Surveillance systems capable of autonomously monitoring vast areas are an emerging trend, particularly when wide-angle cameras are combined with pan-tilt-zoom (PTZ) cameras in a master-slave configuration. The use of fish-eye lenses allows the master camera to maximize the coverage area while the PTZ acts as a foveal sensor, providing high-resolution images of regions of interest. Despite the advantages of this architecture, the mapping between image coordinates and pan-tilt values is the major bottleneck in such systems, since it depends on depth information and fish-eye effect correction. In this paper, we address these problems by exploiting geometric cues to perform height estimation. This information is used both for inferring 3D information from a single static camera deployed on an arbitrary position and for determining lens parameters to remove fish-eye distortion. When compared with the previous approaches, our method has the following advantages: (1) fish-eye distortion is corrected without relying on calibration patterns; (2) 3D information is inferred from a single static camera disposed on an arbitrary location of the scene.

1. Introduction

The coexistence of humans and video surveillance cameras in outdoor environments is becoming commonplace in modern societies.
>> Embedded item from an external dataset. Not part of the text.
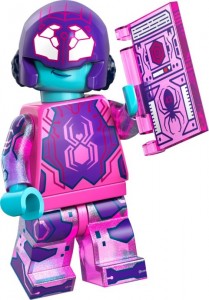 Конструктор LEGO® Collectable Minifigures Людина-павук: Крізь Всесвіт , Марго Кесс /Павук-Байт Конструктор LEGO® Collectable Minifigures Людина-павук: Крізь Всесвіт , Марго Кесс /Павук-Байт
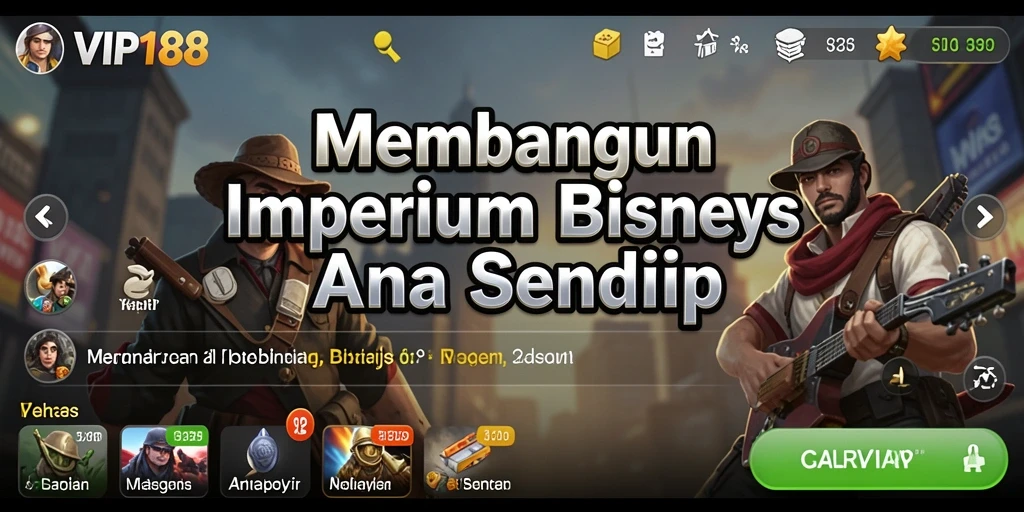 Tampilan gameplay VIP188 yang menegangkan dan penuh strategi.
This new paradigm has raised the interest in automated surveillance systems capable of inferring useful information from the scene (e.g., person identification, action recognition, and abnormal event detection). However, these systems are designed for monitoring vast areas, which highly decreases the resolution of regions of interest.

To address this issue, several approaches have exploited pan-tilt-zoom (PTZ) cameras, since the mechanical properties of these devices allow zooming in on arbitrary scene locations. Most PTZ-based methods adopt a master-slave configuration, where a static camera monitors a large surveillance area to instruct the PTZ camera to zoom in on regions of interest. While several advantages can be outlined, intercamera calibration is the major bottleneck of this configuration, since an accurate mapping from image coordinates to pan-tilt space requires depth information and distortion correction, as illustrated in Figure 1. The existing approaches [14] rely on rough approximations or on the use of multiple static devices to perform triangulation. Also, they assume the pin-hole model for the static camera. Such assumption is highly restrictive, since in surveillance scenarios fish-eye lenses are commonly used to increase the coverage area and the distortion introduced by these lenses is nonnegligible.

In this paper, we propose a master-slave calibration algorithm capable of both removing the fish-eye distortion and inferring an accurate mapping between the static and the active camera without requiring calibration patterns. Our approach exploits geometric cues—which are typically available in urban environments—to measure objects in the scene. As in [5], the vanishing line of a reference plane in the scene and one vertical vanishing point are used to infer the height of static objects or subjects walking throughout a surveillance scenario. This information has a twofold goal: to determine the properties of a fish-eye lens and to determine the 3D position of a subject. In the former, the height of an object is exploited to determine the angle of view and the projection type of the lens to rectify the image coordinates according to the pin-hole projective transform. In the later, subjects height is imposed to the projective transform to determine its 3D location, enabling the correct estimation of pan-tilt values.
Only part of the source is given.